The IMD has given its forecasts on the lines of several global forecast models which have said that El Nino conditions, responsible for drought, will remain neutral till mid-2004.
With the IMD’s forecast, India joins the chorus of other Asian countries in predicting a normal monsoon. Said IMD director general S K Srivastava: ‘‘The global models have predicted neutral El Nino conditions. We are comfortable with the situation.’’
The monsoon season begins in June and the IMD has not yet predicted its onset date on the Kerala coast. It has preferred to make this prediction by May 15. This is the time the monsoon system enters the South Andaman Seas.
In the last week of June, the IMD will release its final forecast for the season and predict rainfall in July in the country’s four meteorological regions.
This year, the IMD has created a new fourth meteorological region. The earlier meteorological region, Peninsular India, has been subdivided into two. One consists of Kerala, Tamil Nadu, Pondicherry and South Andhra Pradesh.

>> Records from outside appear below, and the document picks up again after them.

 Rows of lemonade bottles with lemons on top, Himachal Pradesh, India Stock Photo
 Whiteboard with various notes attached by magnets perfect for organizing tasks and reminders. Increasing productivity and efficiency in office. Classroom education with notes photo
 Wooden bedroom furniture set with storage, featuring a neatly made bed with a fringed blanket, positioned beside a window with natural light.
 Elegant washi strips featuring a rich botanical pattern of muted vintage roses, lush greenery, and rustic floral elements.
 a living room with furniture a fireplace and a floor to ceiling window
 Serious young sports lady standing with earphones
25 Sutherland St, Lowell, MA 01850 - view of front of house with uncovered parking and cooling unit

The other regions of Peninsular India consisting of Gujarat, Maharashtra, Dadra & Nagar Haveli, Madhya Pradesh and Chhattisgarh have been clubbed separately into a meteorological region. “The other two existing meteorological regions, namely north India and eastern India remain the same, ’’ said Srivastava.
He said the success of the new operational forecast models devised in 2003 were peer-reviewed and the results published in the February edition of Current Science.

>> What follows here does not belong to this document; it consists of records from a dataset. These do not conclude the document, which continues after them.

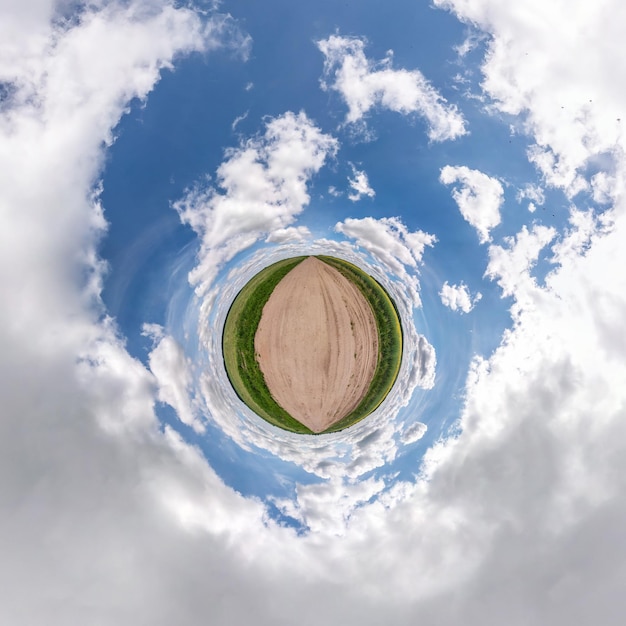 Преобразование маленькой планеты сферической панорамы 360 градусов Сферический абстрактный вид с воздуха в поле в хороший день с потрясающими красивыми облаками Кривизна пространства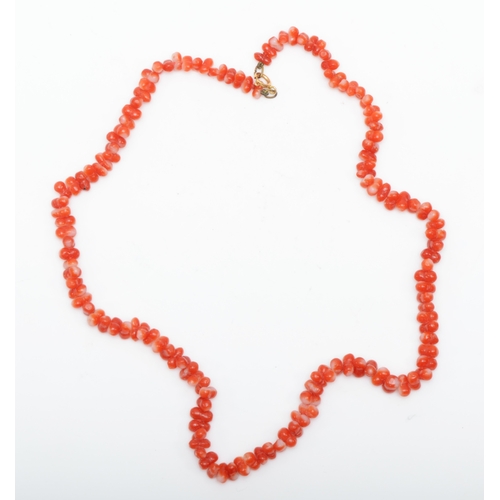 235 - A 750 gold clasped coral necklace, 41cm.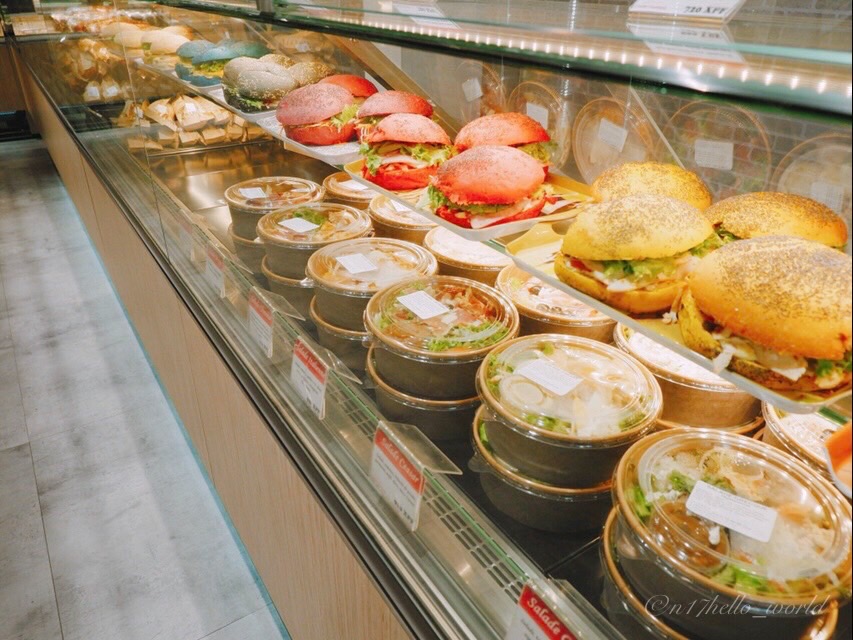A colorful display case of burgers and salads at the bakery L’Atelier Gourmand
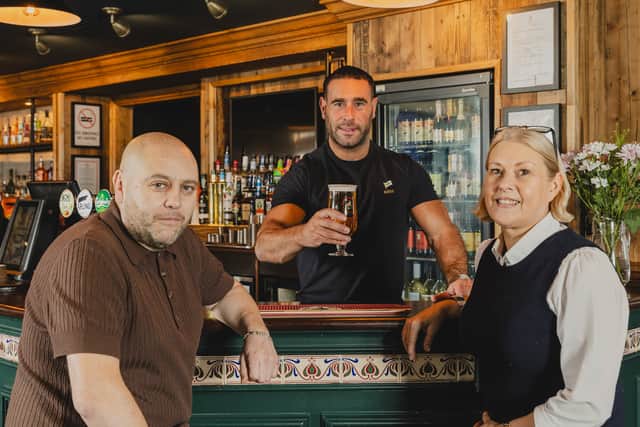 Community hero Craig Timmins pulls the first pint alongside pub partners Paul and Dawn Newlands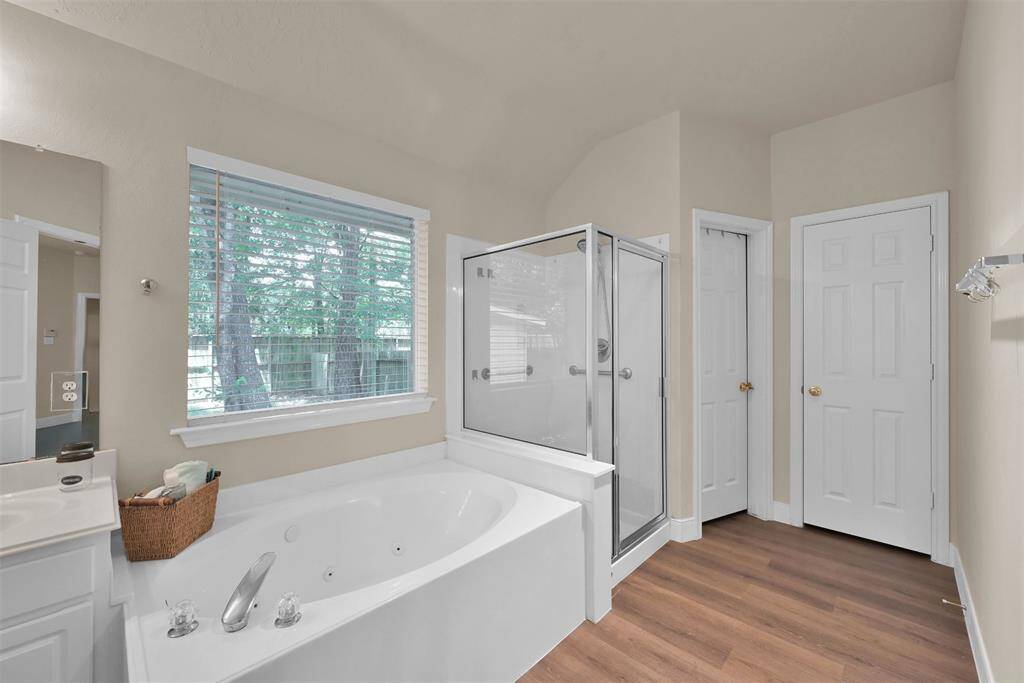 Separate garden tub and shower in Primary bathroom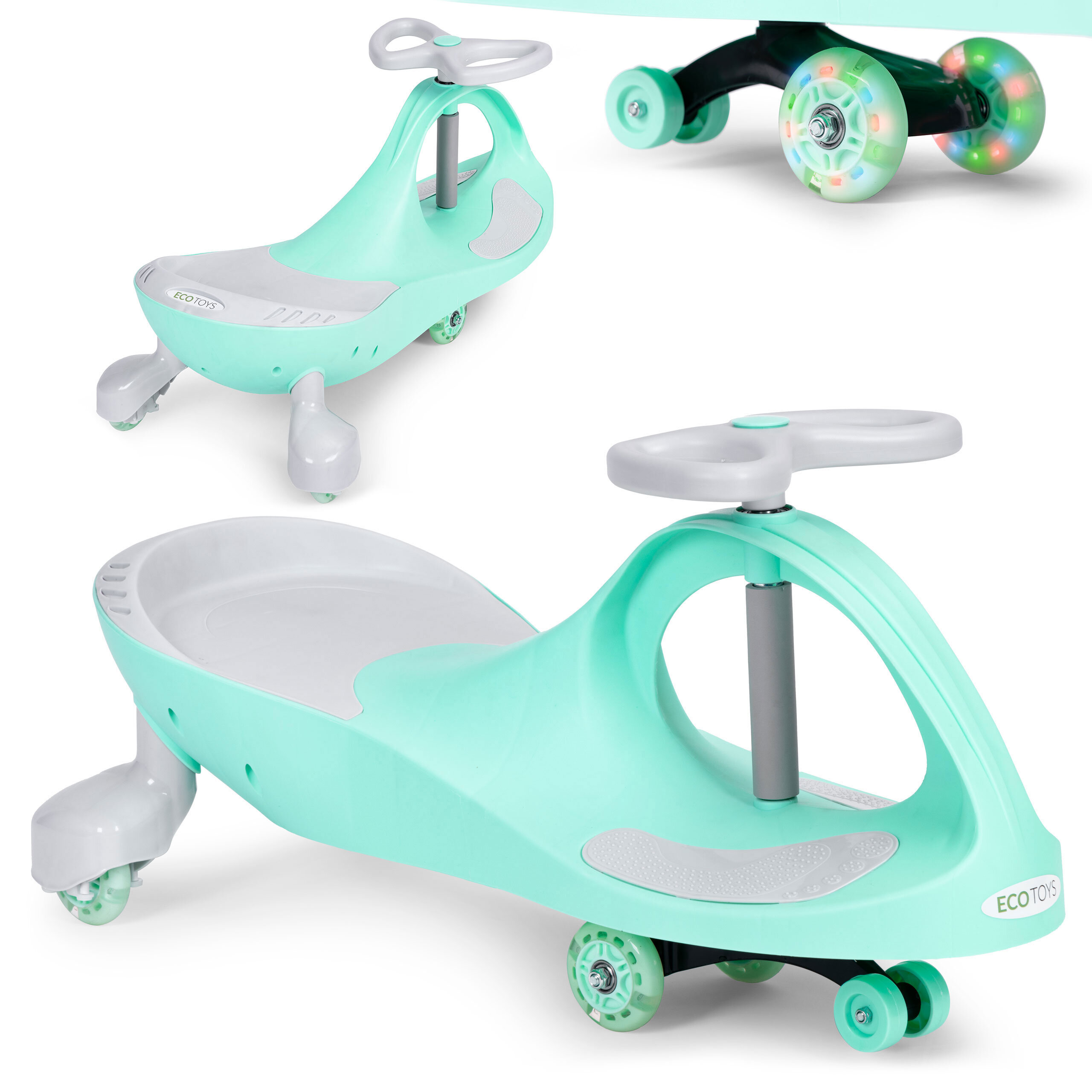 Na obrazie widoczny jest zielony jeździk grawitacyjny dla dzieci z szarymi elementami i kołami LED. Na produkcie znajduje się logo \'ECOTOYS\'.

Srivastava said that as per the ‘‘8-parameter power regression model,’’ the entire country will experience 100 per cent normal rains in the 4-month monsoon period, subject to a model error of +/-5 per cent.

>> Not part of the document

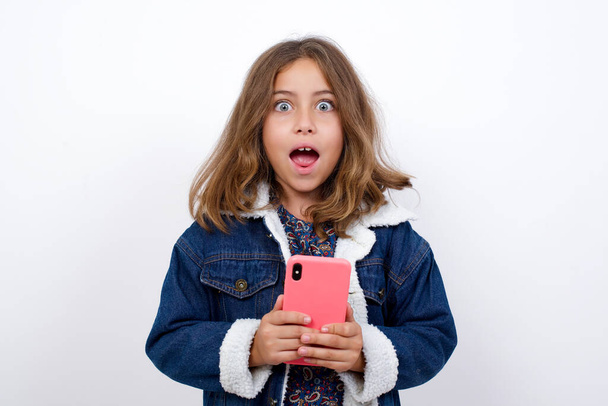 Copyspace photo of cheerful nice cute charming Little caucasian girl with beautiful blue eyes wearing denim jacket standing over isolated white background holding phone in his hands while - Фото, зображення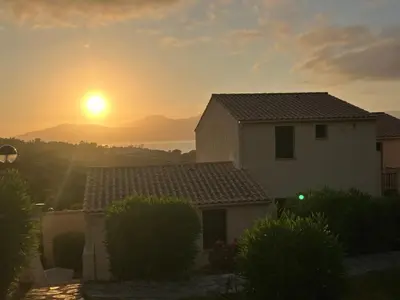 a house with the sunset in the background at La Petite Felicità - Jolie Vue sur la Baie d'Ajaccio in Grosseto-Prugna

The normal average cumulative rainfall index over the country in the 4-month monsoon season is estimated at 88 cm. If there is no model error, then the country will experience 88-cm rains.
Justifying the results of the forecast, Srivastava said: ‘‘We found 92 per cent chances of rains at 100 per cent of the long period average (LPA) of 88 cm, 4 per cent chances each of of rains below 90 per cent of LPA and rains above 110 per cent of LPA. Hence we can predict with confidence that the country will experience 100 per cent normal rains.’’
According to another 8-parameter probabilistic model of the IMD, there is a 58 per cent probality of near normal rainfall (between 92% to 102% of LPA), 4 per cent probability of deficient rainfall (less than 90% of LPA), 16 per cent probability of below normal rainfall (between 90% to 97% of LPA), 18 per cent probality of above normal rainfall (between 103% to 110% of LPA) and 4 per cent probability of excess rainfall (more than 110% of LPA).
In other words, the probabilistic model forecasts greater possibilities for a normal monsoon. The IMD has also made it clear that the current spate of rising temperatures will not come in the way of a normal monsoon. Deputy Director General S K Subramanian said that this phenomena will last only for the next two weeks. This situation is due to lack of regular western disturbances which usually bring in cool winds from Afghanistan.